Mobile phones are a uniquely personal form of technology, thanks in
large part to their mobility. When you leave the house, you probably
take your keys, your wallet and your phone. Laptop computers are
carried by far fewer people, and do not have the same personal
associations. Mobile phones provide scope for self-expression, through
the choice of ringtone and screen wallpaper. At the same time, mobile
phones' ability to communicate with unseen, distant people using
invisible radio waves is almost magical.

Indeed, the notion that phones might be capable of supernatural or
spiritual communication goes right back to the inventor of the
telephone himself, Alexander Graham Bell.

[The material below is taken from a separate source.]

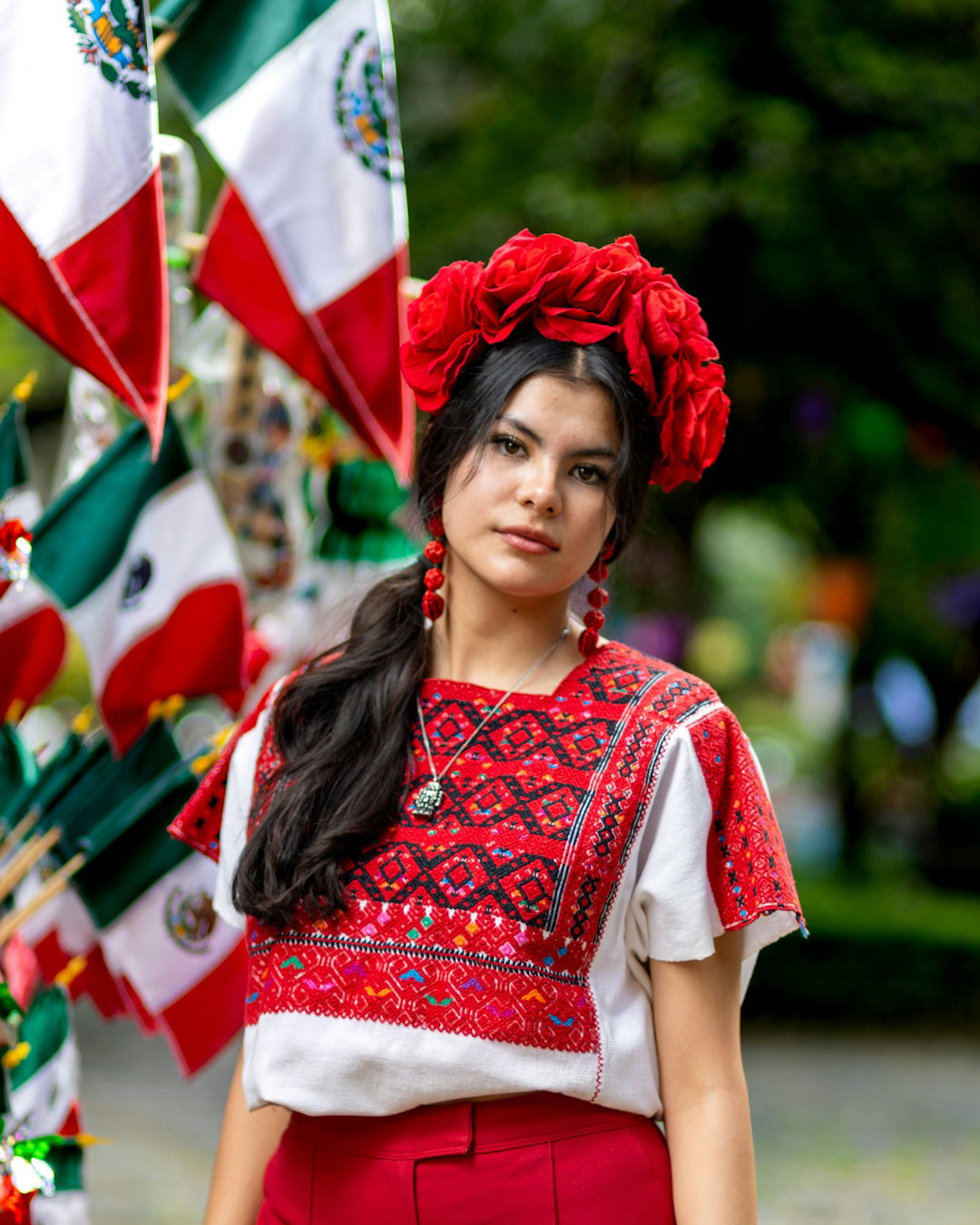 a woman in a mexican outfit standing in front of flags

According to Avital Ronell, a professor of philosophy at New York
University and the author of The Telephone Book: Technology,
Schizophrenia, and Electric Speech , Bell was just as interested in
using his invention to contact the dead as he was in talking to his
associate Thomas Watson. Bell and Watson had attended regular seances
in Salem, says Dr Ronell. Bell even drew up a contract with his
brother, agreeing that whoever lived the longest should try to contact
the other. For his part, Watson was an avid medium who spent hours
listening to the weird hisses and squeals of early telephone lines in
case they proved to be the dead trying to make contact.  AFP

Answering the call

The telephone still maintains such ghostly connections. In China,
people celebrating the Hungry Ghost Festival burn life-sized paper
effigies of everything from televisions to mobile phones so that the
dead can enjoy them in the afterlife. These phone offerings enable the
dead to call each other, rather than the living. Why shouldn't the
dead be as technologically advanced as we are? asks Genevieve Bell, an
anthropologist who works for Intel, the world's largest chipmaker. She
spent two years in Asia conducting field research about attitudes to
technology in different countries. In parts of southern China, she
found, it is customary to take your mobile phone to a local Buddhist
monk for blessing.

Even phone numbers can have supernatural connotations. In Beijing, a
man recently paid $215,000 for a lucky phone number. In Cantonese, the
number four sounds like the word for death, and is therefore unlucky,
while the number eight sounds like the word for fortune, and is
therefore lucky. It's not uncommon even for migrant workers to pay up
to a month's salary for a lucky telephone number, says James Katz,
professor of communications at Rutgers University. Since phones are
the most personal of all high-tech devices, it is hardly surprising
that their use should reflect the entire spectrum of personal beliefs.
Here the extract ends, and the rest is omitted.